### EXERCISE PROMPT
Please copy out the full listing that follows exactly; no picture belongs in the copy.

### DATA EXTRACT

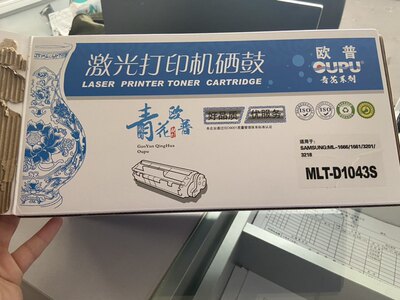 欧普（oupu）MLT-D1043S易加粉硒鼓适用三星 ML-1660/1661等 黑色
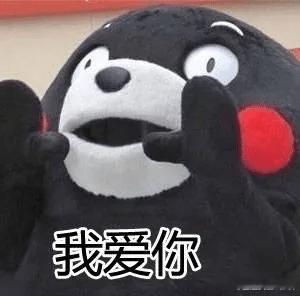 12星座说“我爱你”的真实含金量：含金量100%：金牛（要他说这三个字，比掏钱还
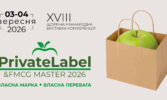 Два ключові форуми галузі під одним дахом: PrivateLabel&FMCG Master та DistributionMaster-2026 у МВЦ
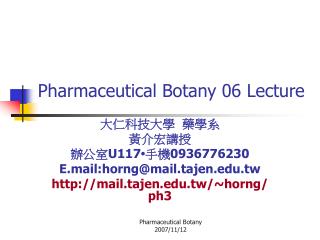 Pharmaceutical Botany 06 Lecture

### RESULT FOR THIS EXERCISE
 欧普（oupu）MLT-D1043S易加粉硒鼓适用三星 ML-1660/1661等 黑色
 12星座说“我爱你”的真实含金量：含金量100%：金牛（要他说这三个字，比掏钱还
 Два ключові форуми галузі під одним дахом: PrivateLabel&FMCG Master та DistributionMaster-2026 у МВЦ
 Pharmaceutical Botany 06 Lecture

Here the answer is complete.